Lawmakers were able to add the money only after reducing by $200 million the state’s so-called “rainy day” fund reserve, leaving it at $1 billion. Another $404.3 million was pulled for a host of state trust funds to also spend on other programs and projects — with cash taken from the affordable housing account amounting to almost half the sum.
Following the destruction of Hurricane Irma and the arrival of thousands of Puerto Rican residents after Hurricane Maria, lawmakers had vowed to increase money available for apartments and lower-cost housing, but the Parkland response changed that and many other spending priorities.
For Florida’s 2.8 million school kids, lawmakers will increase per-pupil spending by $101, about half the amount Gov.

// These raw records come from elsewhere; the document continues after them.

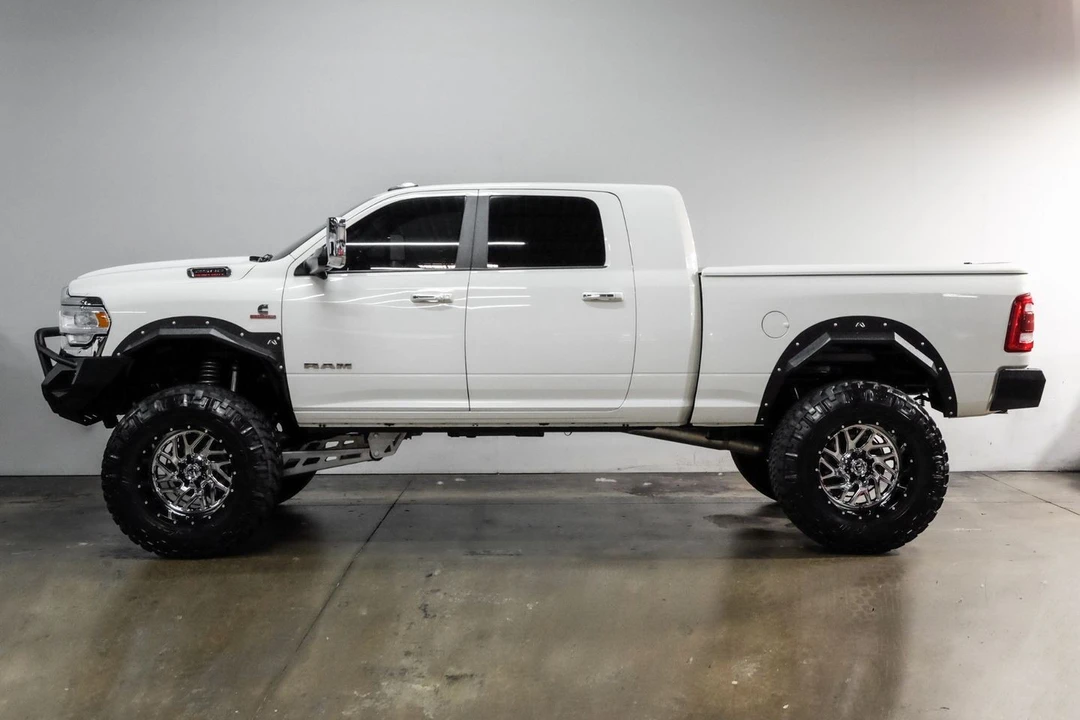 2020 Ram 2500 - Image 12 of 31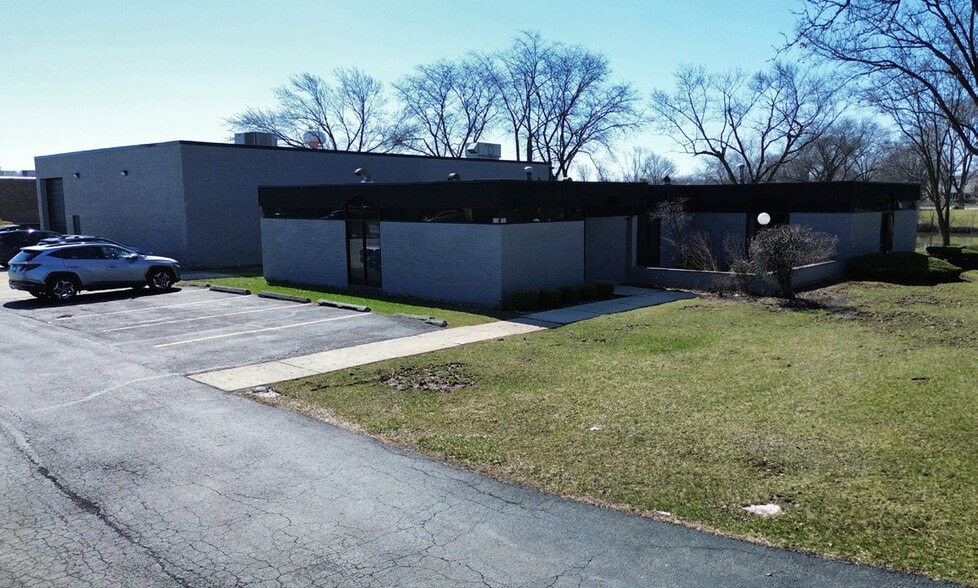 More Photos Of 111 Shore Dr, Burr Ridge Manufacturing For Sale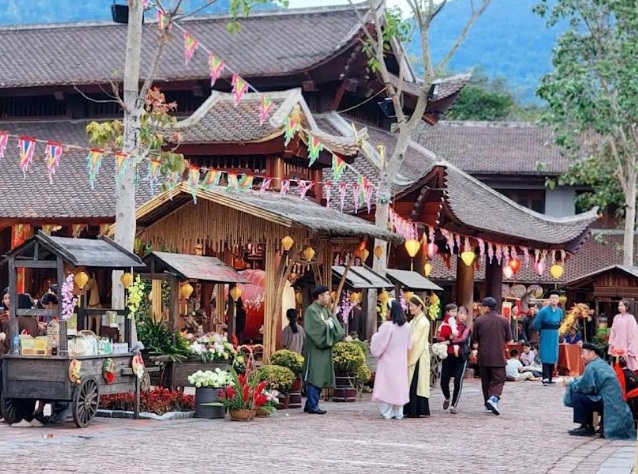 Tổ chức chuỗi hoạt động Xu&acirc;n Y&ecirc;n Tử lớn nhất từ trước đến nay - Ảnh 3.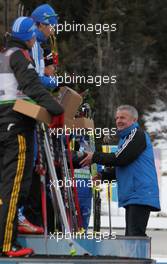 20.01.2011, Antholz, Italy (ITA): Biathlon Feature: Gottlieb Taschler (ITA), vice president IBU hands over the prices - IBU world cup biathlon, sprint men, Antholz (ITA). www.xpb.cc. © Manzoni/xpb.cc. Every downloaded picture is fee-liable.
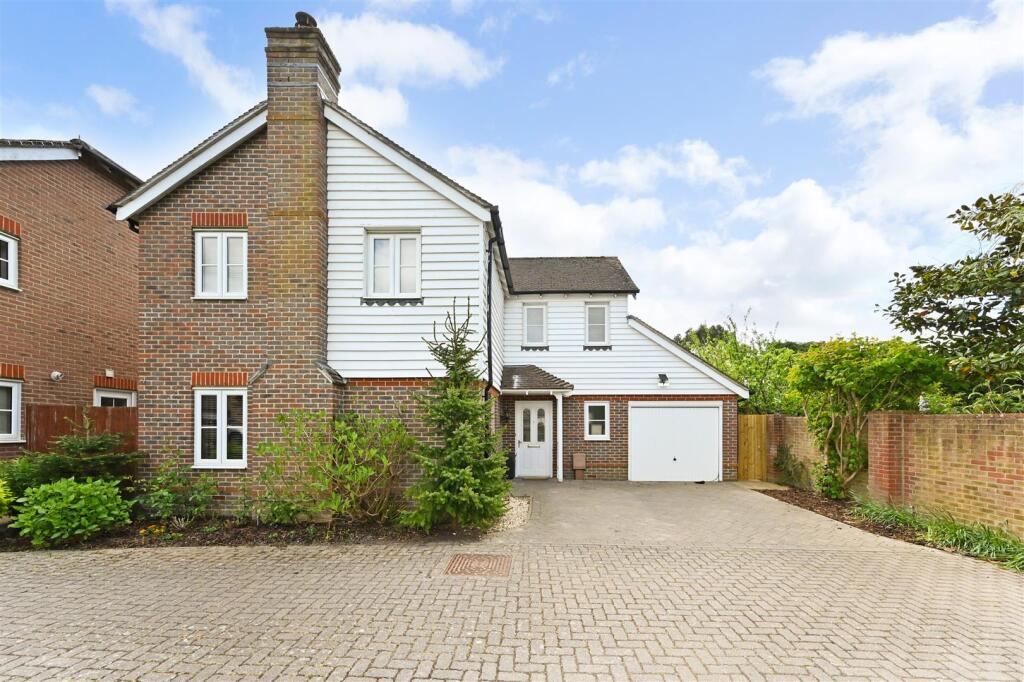 Main image of property: Drovers Way, Barnham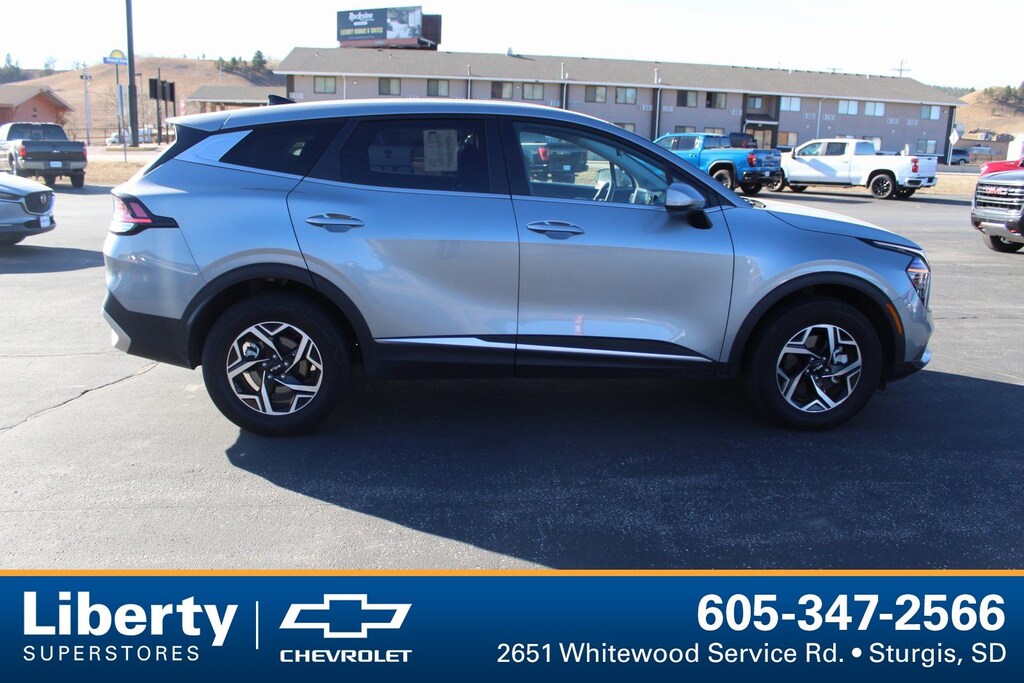 Used 2024 Kia Sportage LX SUV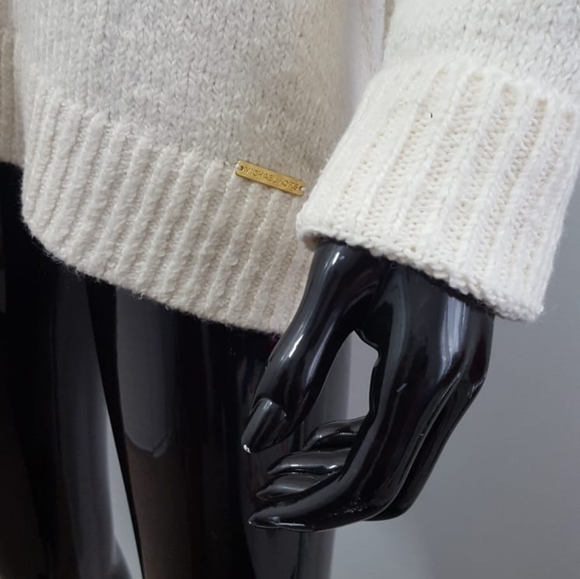 Micheal Kors Classic Long Sleeves Knit Sweater Size L & XL (K) - Picture 8 of 9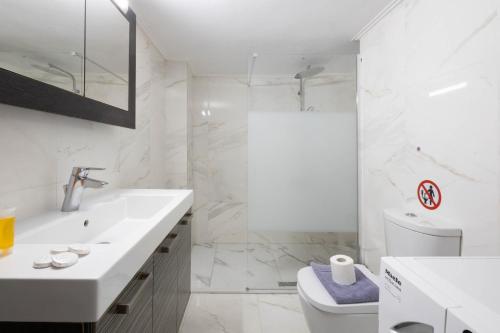 Apartment for 6-Nea Smirni - image 4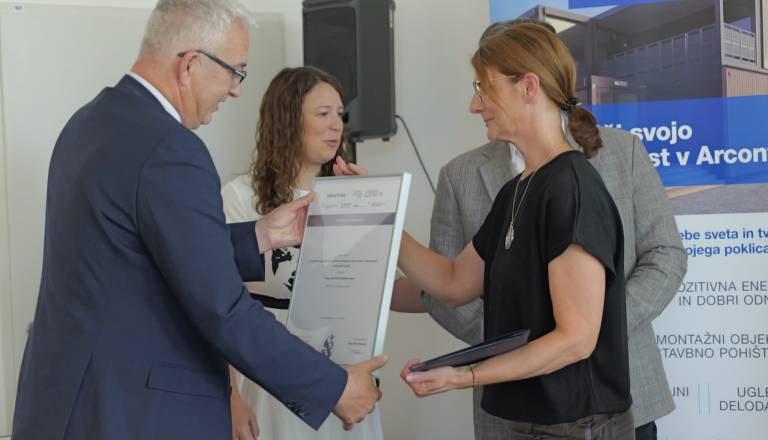 p1109589-copy.JPG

Rick Scott proposed last fall. It’s just over a 1 percent increase, bringing per-pupil spending to $7,408.
Here are some local allocations currently in the state’s budget
$3 million: Adds 100 care for the elderly slots in Duval, Clay, Baker, Nassau and St. Johns
$250,000: Jacksonville School for Autism
Lawmakers, however, looked set to approve $168 million in tax breaks, an election-year package that earlier looked likely to be dramatically scaled back.
Instead, the proposal includes sales-tax holidays for back-to-school and hurricane supplies and several business and farm tax cuts.